Angeli has got to be the best Syrah representation in California. Hailing from Stoplman Vineyards near Lompoc, in the “Santa Inez Valley” appellation of Santa Barbara County, this wonderful red wine draws high praise from professional raters and internet vinophiles alike.
Janice and I have written previously about Stolpman on one of our wine tasting trips to Santa Barbara, where we visited the Stolpman Vineyards tasting room in rural Los Olivos, north on the #101 from Santa Barbara and still some distance from the actual winery. While the tasting room has some great wines, Angeli is definately not on the tasting list, and I had to be reminded of it by “Sam”, the owner and wine buyer at the close-by Los Olivos Cafe, (which was featured in the movie “Sideways”) who sent me a bottle of it last week on my periodic shipment for my membership in the Los Olivos Cafe wine club.

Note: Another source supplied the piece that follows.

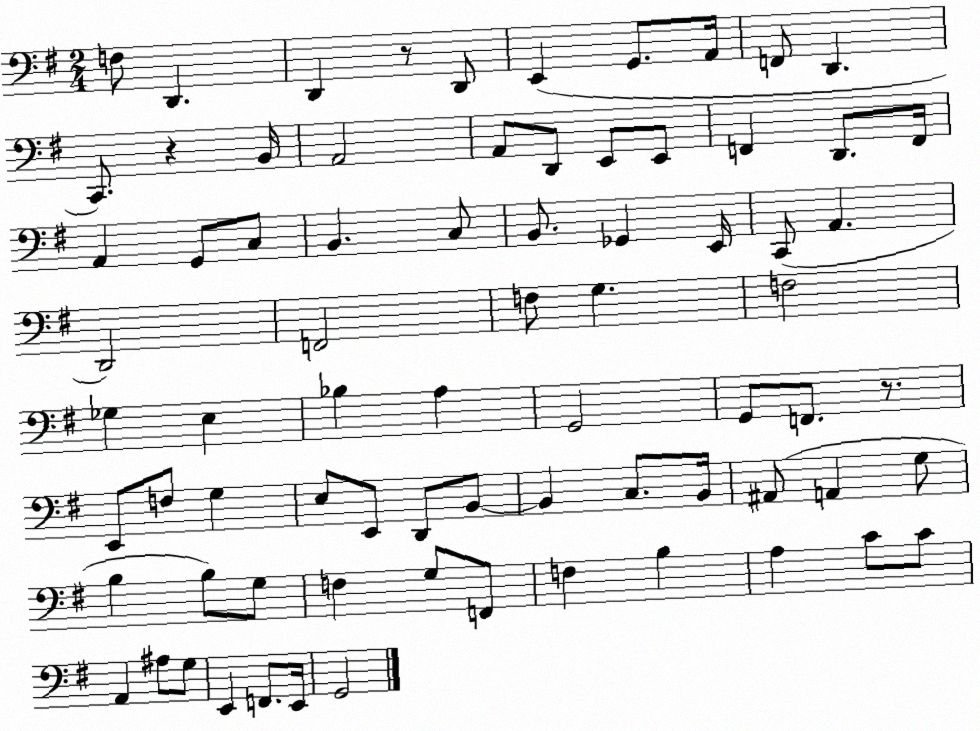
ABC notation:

2009 Angeli by Stolpman Vineyards is barrel fermented and enriched in taste by the new oak of the barrel. After fermenting, Stolpman says it spends 20 months in the barrel and another 10 months in the bottle aging, with no fining or filtration. That makes for a big grape taste. The wine is deep in purple color, with light smoke and spice and cherry liquor overtone. Stolpman does not report Angeli as a “blended” grape wine, they represent it only as being Syrah. Given their great results, this wine must be a proud achievement for them.
If you like big, bold red wines, Angeli should become one of your favorites. It reminds me of Ferrari-Carrano’s reds from the more celebrated Sonoma County. Syrah is technically not as difficult a grape to grow as Cabernet, and Cabernet is especially hard to do in the Santa Inez Valley, well south of California’s prized Napa/Sonoma vineyards. However, a plus for the Syrah grape is that a good wine can have a soft, velvety mouth-feel in comparison to Cabernet, and a much less off-putting “tannic” taste. The problem with these wines, however, is that they just don’t have the ‘punch” of a really nicely aged Cabernet. I can give testimony, however, that Angeli is unlike most Syrahs in that it not only has a wonderful first taste and deep color and richness, without tannic taste, but it also has what truly advanced arm-chair wine tasters refer to as “cojones.” (No offense intended to anyone who might take offense).
Angeli is not cheap, it costs about $68 a bottle retail – if you can find it. If you are planning a special meal at home that calls for a big red wine and you don’t want to wait for the aging process, give this one a try. Sam has it at http://www.losolivoscafe.com/ but please do not mention my name, I don’t want him to think I like it too much or he’ll raise the price.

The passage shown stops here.